Studying history has helped students to discover their place in the world, says Gareth Davey from Bank View Sixth Form, a post-16 provider for students with complex learning difficulties or autistic spectrum condition.

"We introduced the ASDAN History Short Course two years ago – one reason for this was the subject’s academic merit. At the time the post-16 curriculum was made up of more practical, hands-on courses. It was felt that this programme, while still being accessible to our learners, would provide an opportunity to develop academic skills such as being able to think and write clearly. Studying history as a discreet subject in the sixth form has improved reading and literacy standards – but the cross-curricular benefits have not stopped there.

"We have looked at the history of Liverpool, from its beginnings as a small fishing village to a bustling port welcoming immigrants from all over the world. Students were genuinely interested to hear how Liverpool has been influenced by Chinese, Caribbean, Indian, African, Irish and countless other nationalities and cultures, who brought their own customs and beliefs with them. This was not only valuable in increasing geographical knowledge but also in terms of citizenship. It has helped students to consider how cultural differences are to be celebrated and to see diversity as a positive thing.

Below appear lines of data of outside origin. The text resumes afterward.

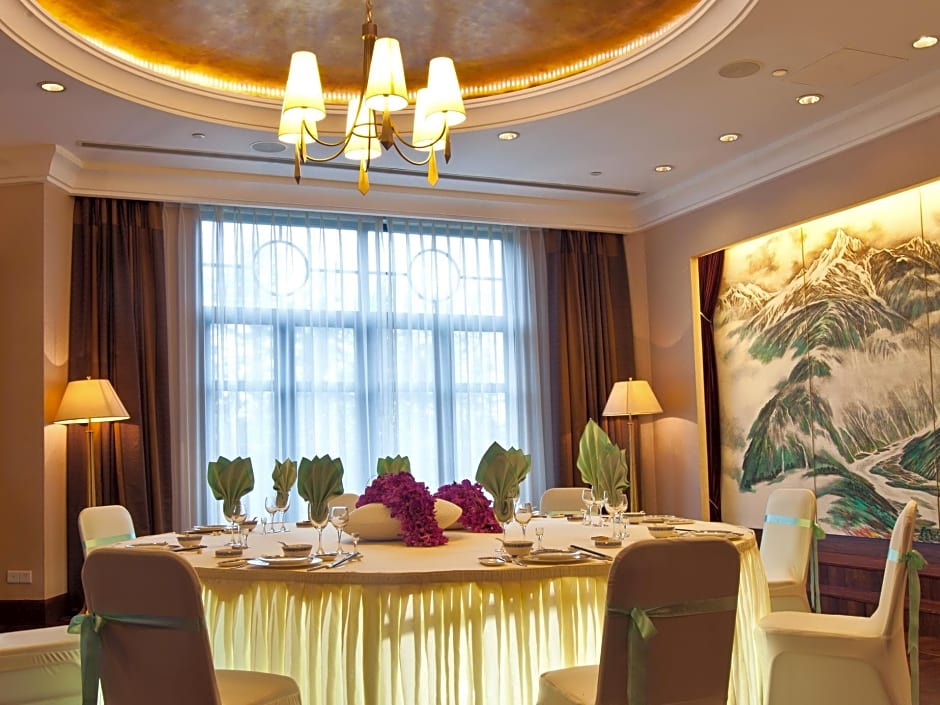 Zhongwei Green Lake Hotel Kunming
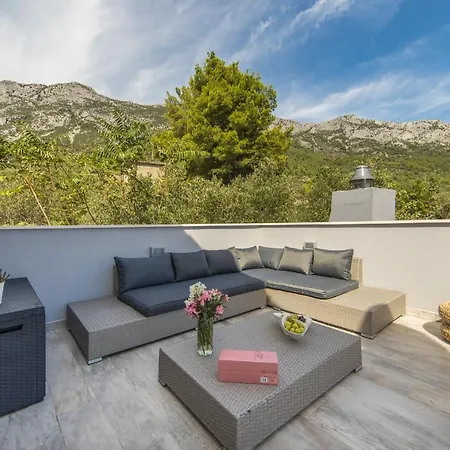 Villa Unique Gradac (Split-Dalmatia)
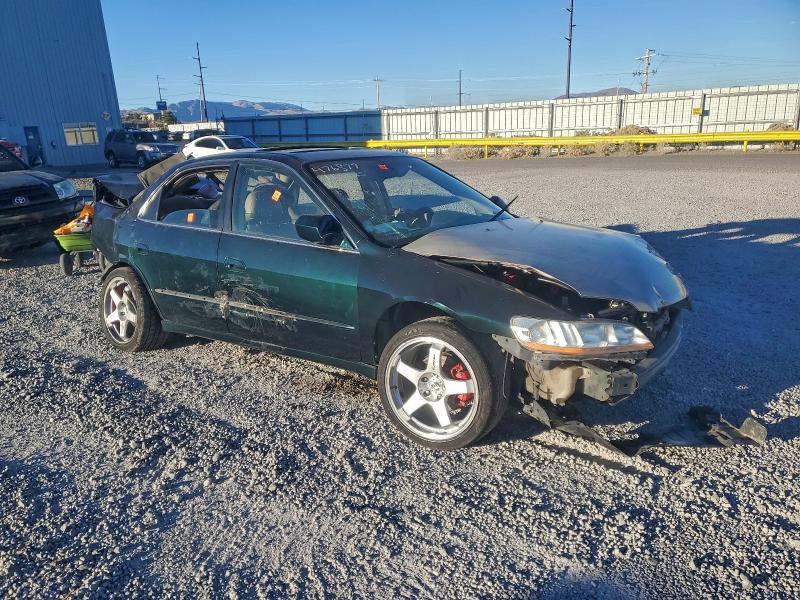 2000 Honda Accord მანქანა იყიდება აუქციონზე, vin: 1HGCG1652YA099557, აუქციონის ნომერი: 95198555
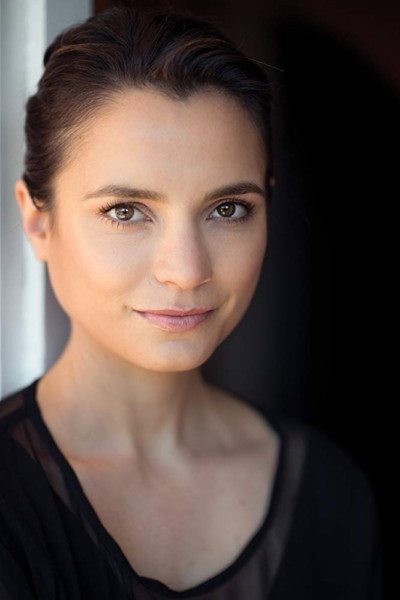Jessica Tovey as Leslie Carpenter in Paper Giants: The Birth of Cleo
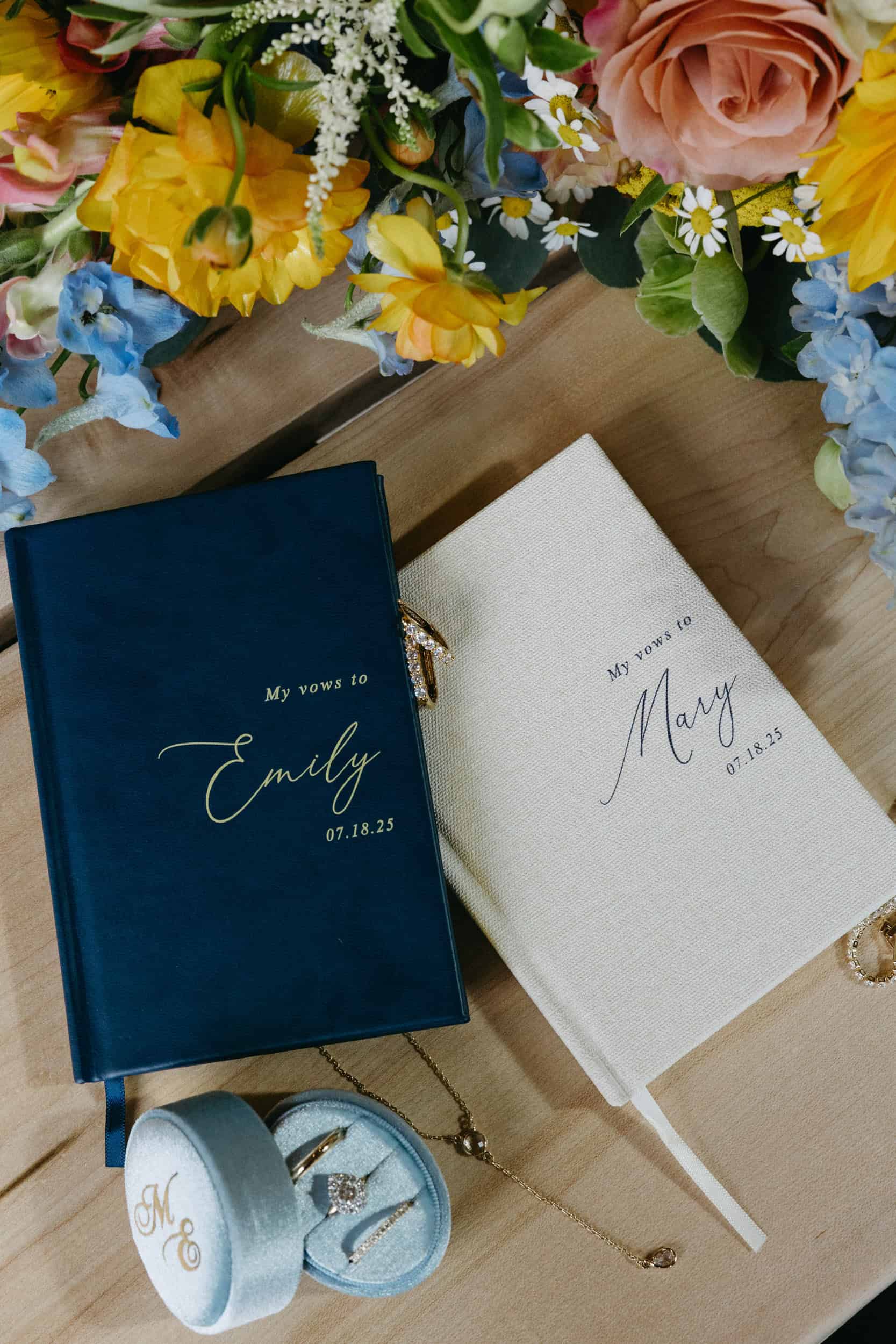 Cats, Quilts, and Champagne: A Breckenridge Elopement โ photo 3
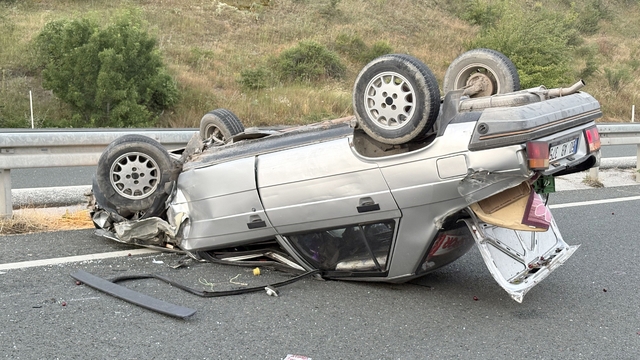 D100'de 3 araçlı trafik kazası: 1 ağır yaralı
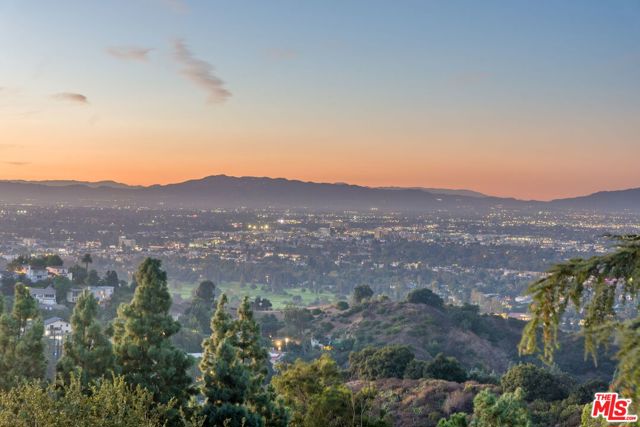 3527 Wonder View Drive, Los Angeles CA: https://media.crmls.org/mediaz/76786d3a-a351-4688-a1b7-f647f9f2f179.jpg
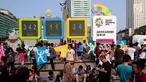 Warga memadati layar Countdown Asian Games 2018 saat Car Free Day di Bundaran HI, Jakarta, Minggu, (10/09). Layar Countdown Asian Games 2018  ini menandai hitung mundur untuk pelaksanaan Asian Games 2018. (Liputan6.com/Fery Pradolo)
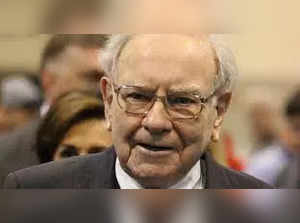 Warren Buffett surpasses Jeff Bezos in wealth, now threatens to oust Bill Gates as second-richest American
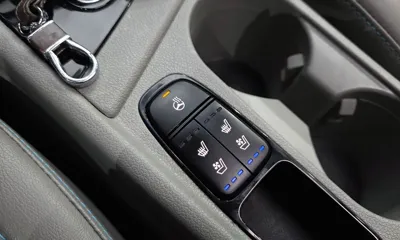 Kia Niro 2017, 124161 км, за 8794.79 USD - фото 16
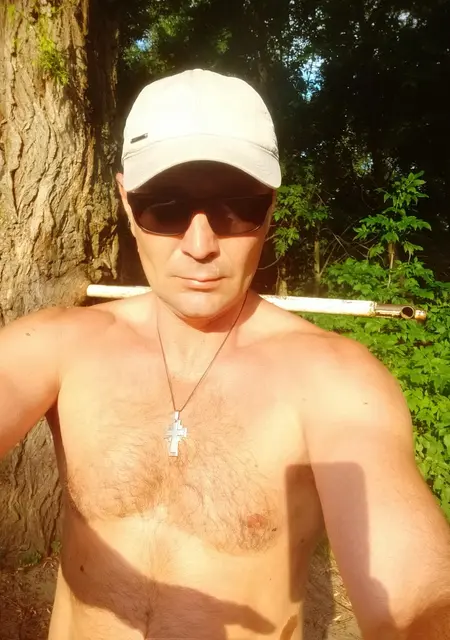 Александр из Полтавы, ищу на сайте знакомства на одну ночь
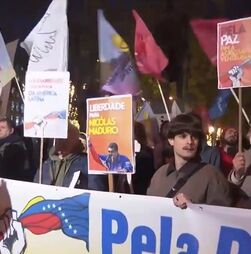 Manifestantes em Lisboa protestam contra intervenção dos EUA na Venezuela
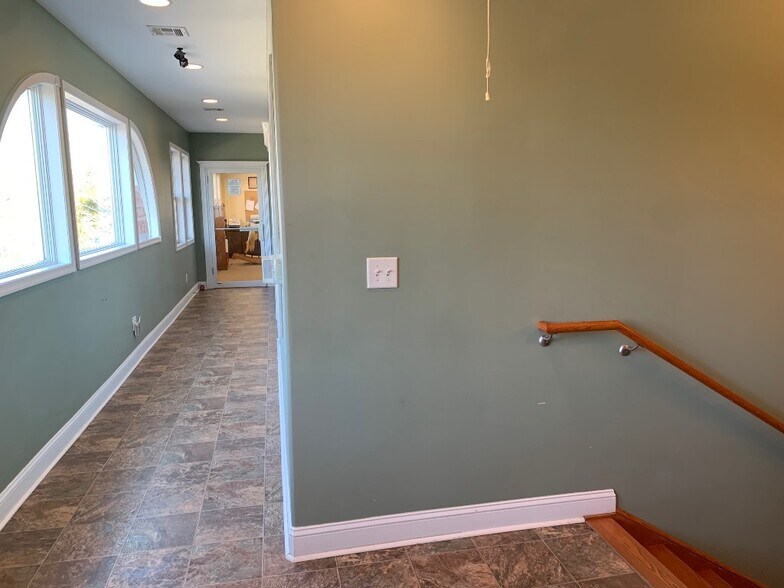 More Photos Of 112 Giffordtown Ln, Little Egg Harbor General Retail For Lease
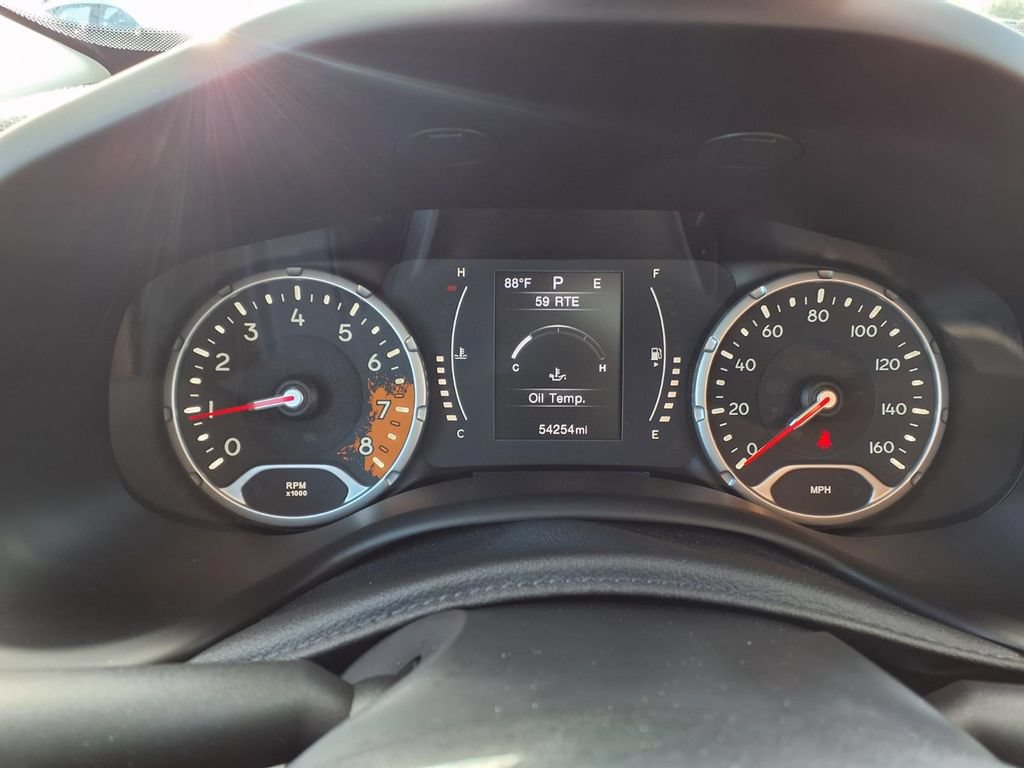 Used 2015 Jeep Renegade Latitude FWD image 30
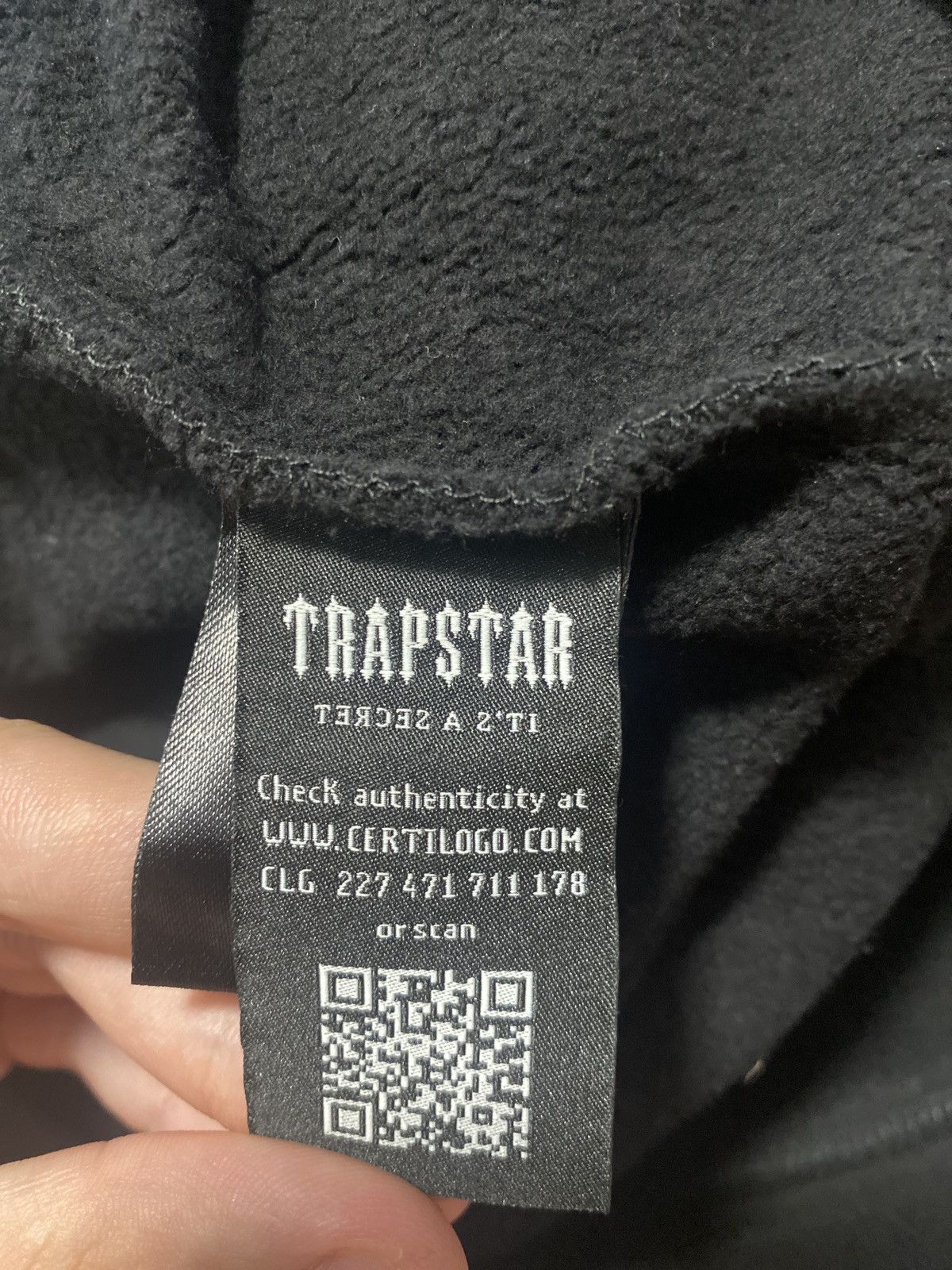 Trapstar London Trapstar - Global Distribution Hoodie Size US L / EU 52-54 / 3 - 9 Thumbnail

"There have been ample opportunities to leave the classroom and visit sites of historical interest, such as the Liverpool docks and many of the city’s museums. This not only brings the subject to life but also gives our students the chance to improve personal independence skills, travel training and road safety skills.

"One of the main components of our sixth form’s ethos is to prepare learners for further education or future employment. Through the History Short Course, students have been able to help deliver RE lessons on the Holocaust to the lower school,  which has improved their social skills and confidence, attributes which will serve them well at college or when stepping into the world of work. In addition, preparing and delivering presentations to peers has emphasised the importance of communication skills and body language, providing invaluable experience for college or job interviews.

"The course has been extremely popular with both staff and students alike. Our students enjoy the new skills they are developing and how they can be used in other lessons but more importantly that it helps  them “understand TV programmes”. While staff welcome the user-friendly format which makes the Short Course “easy to follow even for non-History  specialists”."

We are planning ways to develop the course further, for example by making it an option at Key Stage 4 and eventually broadening our students’ understanding by visiting historical sites further afield, such as the battlefields of France and Belgium.